A research shows that taking a combination of two newer medicines is safe in patients who are no longer reacting to metformin and yields clinical benefits for at least 2 years.
Insulin helps control the blood circulating level of glucose. The body does not produce enough insulin for type 2 diabetes, its cells no longer respond effectively to the hormone, or both.
In the long term, a large variety of serious and potentially life-threatening complications may be caused by elevated blood glucose levels. These involve high blood pressure, harm to organs like the heart and kidneys, damage to the nerves, and blindness.
Type 2 diabetes used to be referred to as adult-onset diabetes because it often affects people over 45 years of age. But in recent decades, rates of type 2 diabetes have risen in the U.S. in adolescents, teens , and young adults.
Changes in the lifestyle can regulate or even reverse the disease. In order to regulate the blood glucose levels of patients, physicians often prescribe medications.
Metformin is the first-line treatment, but in some patients, the drug ‘s effectiveness may decrease over time, requiring alternative treatments.
In patients whose blood glucose levels did not react to metformin, a clinical trial called DURATION-8 studied a combination of two newer drugs, exenatide and dapagliflozin.
The drug combination was related to lower blood pressure and body weight, in addition to stabilizing blood glucose levels.
The researchers report in the journal Diabetes Care that after a second extension of the trial, the drug duo remained safe and successful 2 years (104 weeks) after treatment began.
“Most diabetes treatment treatments are short-lived, which is why long-term impact testing is helpful,” says first author Dr.

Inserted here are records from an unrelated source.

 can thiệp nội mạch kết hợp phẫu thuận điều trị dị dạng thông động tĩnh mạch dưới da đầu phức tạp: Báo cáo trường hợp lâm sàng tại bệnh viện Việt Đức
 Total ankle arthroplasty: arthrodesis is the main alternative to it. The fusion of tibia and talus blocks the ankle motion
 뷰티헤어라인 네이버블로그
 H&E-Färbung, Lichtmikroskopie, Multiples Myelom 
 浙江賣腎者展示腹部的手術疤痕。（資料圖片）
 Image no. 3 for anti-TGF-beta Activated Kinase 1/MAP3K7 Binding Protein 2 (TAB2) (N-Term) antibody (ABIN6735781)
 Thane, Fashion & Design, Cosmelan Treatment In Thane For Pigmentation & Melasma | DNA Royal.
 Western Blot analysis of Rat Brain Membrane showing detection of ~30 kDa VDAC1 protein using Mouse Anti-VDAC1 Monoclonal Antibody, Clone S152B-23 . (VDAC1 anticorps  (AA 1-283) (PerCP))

Serge Jabbour, Director of the Endocrinology and Diabetes Center Division at Thomas Jefferson University in Philadelphia , PA.

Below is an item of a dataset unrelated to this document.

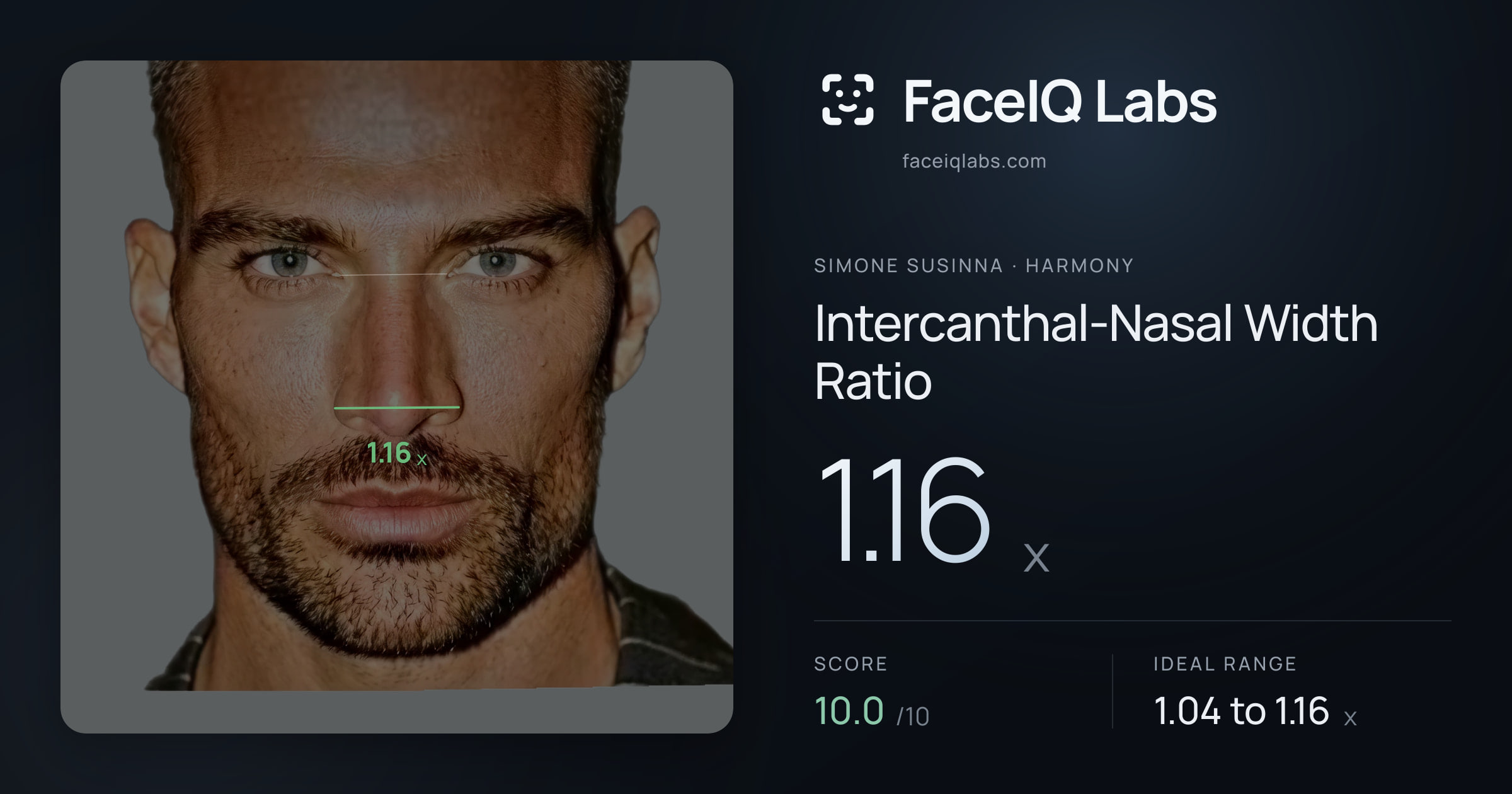 Simone Susinna Intercanthal-Nasal Width Ratio: 1.16x, drawn on the photo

Exenatide belongs to a class of drugs called glucagon-like peptide-1 receptor agonists, which function by stimulating the secretion of insulin, reducing the liver’s release of glucose, and increasing the sense of fullness after a meal.
Dapagliflozin belongs to a class called cotransporter-2 sodium-glucose inhibitors, which increase the amount of glucose excreted in the urine.

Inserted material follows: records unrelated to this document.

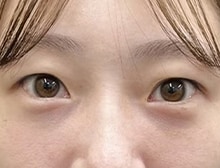 今月のベスト症例写真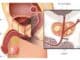 prostate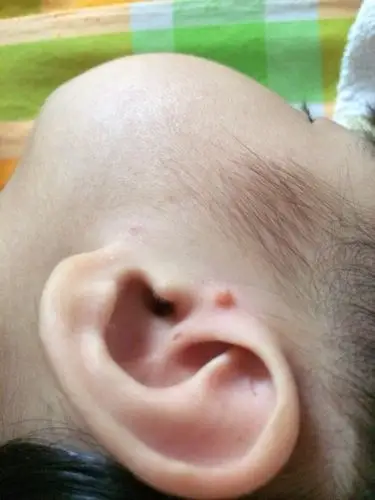 耳垂上和耳朵后面总是长疙瘩,摸的话会疼,过一段会下去,但总是.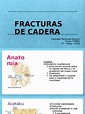 Fracturas de Cadera | Cadera | Sistema musculoesquelético
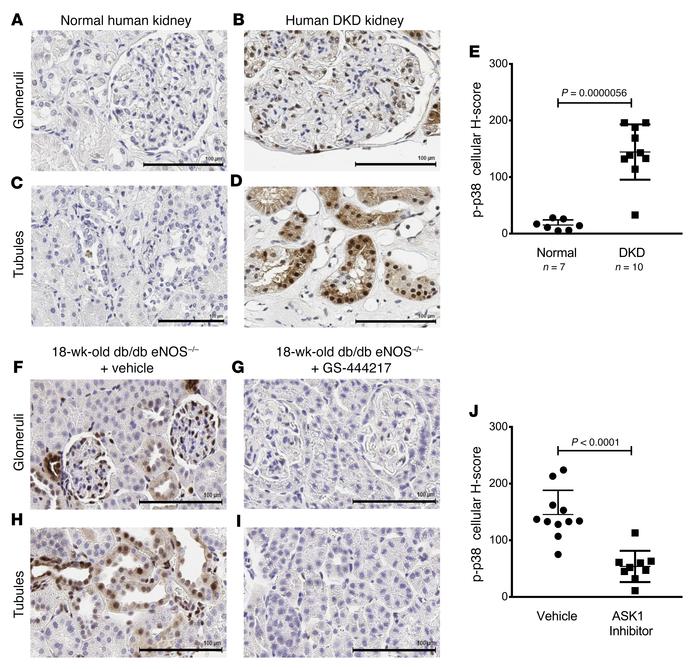 The ASK1 pathway is activated similarly in DKD patients and db/db eNOS–/...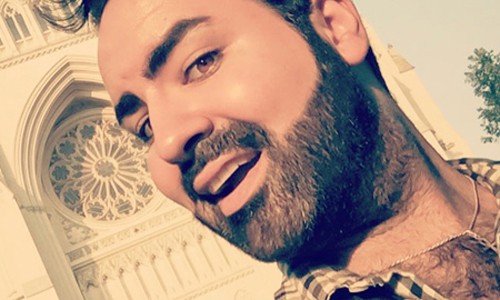 Sari_Before client before beardscaping with excess hair on neck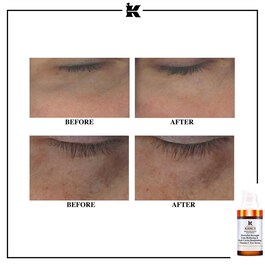 Crème Yeux anti-cernes à la Vitamine C - Powerful-Strength Line-Reducing Eye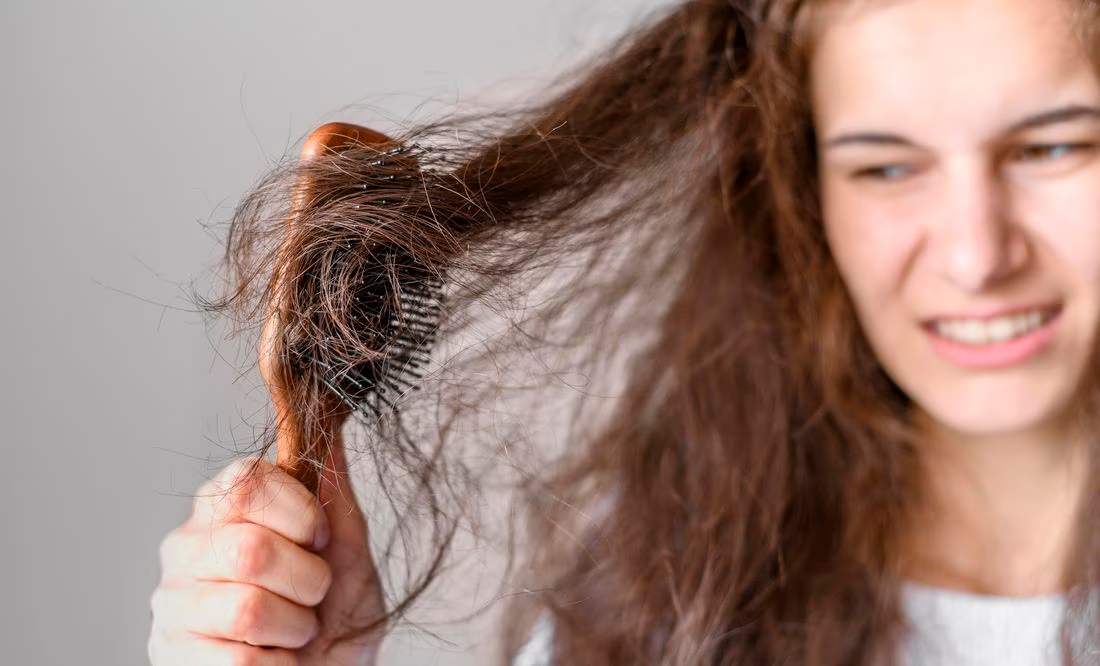  estos son los alimentos que aceleran la caída del cabello
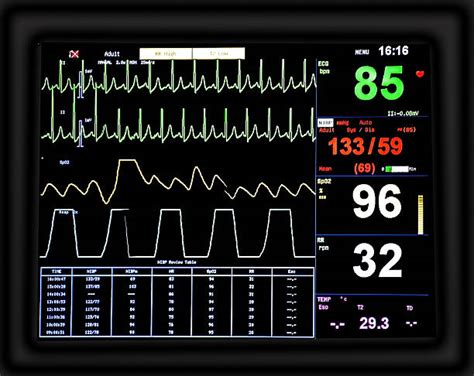 Heart Monitor Screen Stock Photos Pictures And Royalty Free Images Istock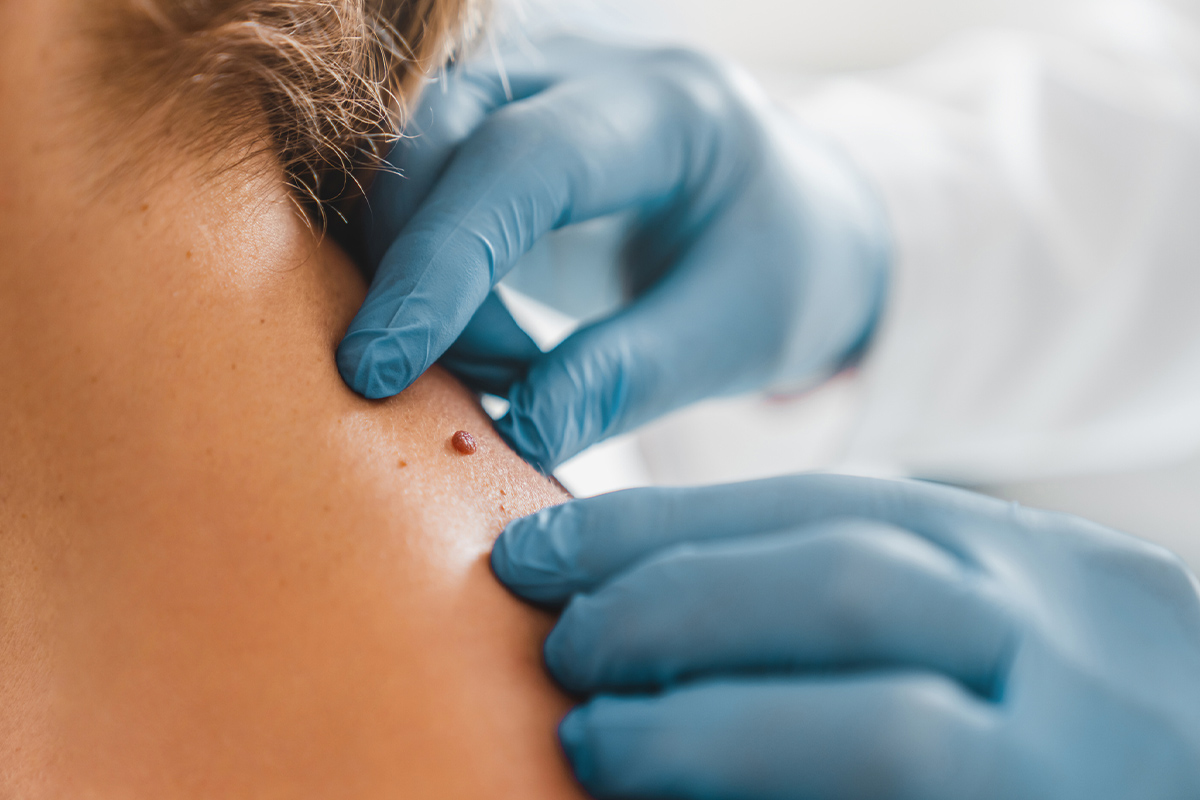 gloved hands examining a skin tag on a patient's neck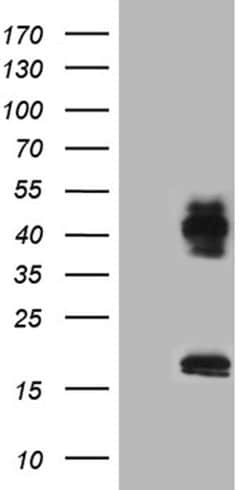 Invitrogen Lass2 Monoclonal Antibody (OTI3D9) 100 &mu;L; Unconjugated:Antibodies,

“These two groups function synergistically to help regulate the glucose levels of a type 2 diabetes patient and other diabetes-associated interventions,” Dr. Jabbour says. “We can now be more secure about the long-term prescription of these medicines.”
The research was funded by AstraZeneca, which manufactures branded versions of both drugs. The organization also played a role in planning the analysis, collecting the data , and analyzing it.
The researchers randomly allocated three treatment groups to 695 adults with type 2 diabetes whose blood glucose was not adequately regulated by metformin:
- A frequent exenatide injection and a normal dose of dapagliflozin by mouth
- Exenatide and occasional oral placebo on a weekly basis
- Weekly placebo injection and daily dapagliflozin oral injection
After 2 years, 431 patients remained in the trial. Much of the respondents who dropped out did so because they didn’t want to sign up for a trial extension.
Those who obtained both drugs saw the greatest average reduction in their glycated hemoglobin (HbA1c) levels, an indicator of the stability of blood glucose levels, after adjustments for other potential contributing factors, relative to the beginning of the trial.
There have also been increases in blood glucose levels after fasting and 2 hours after eating in patients who have taken both medications, and decreases in body weight and systolic blood pressure.
The researchers report that the combination of exenatide and dapagliflozin has been tolerated well by patients.
Although patients did not experience any episodes of severe hypoglycemia (dangerously low blood glucose levels), there were more episodes of mild hypoglycemia relative to the other two experimental groups of patients taking both medications.
The authors conclude that for 2 years, with “no unexpected safety results,” the clinical benefits of taking both drugs were sustained. They continue:
“Further studies are needed to investigate whether the combination treatment effects observed in DURATION-8 could potentially extend to a reduced incidence of [cardiovascular] and renal events in patients with type 2 diabetes.”
The authors agree that the relatively high percentage of patients who withdrew from the study after 1 year limits the “robustness” after 2 years of their results.
They remember, finally, that their results do not apply to all patients. Care should be personalized to patients and altered according to how well they are doing.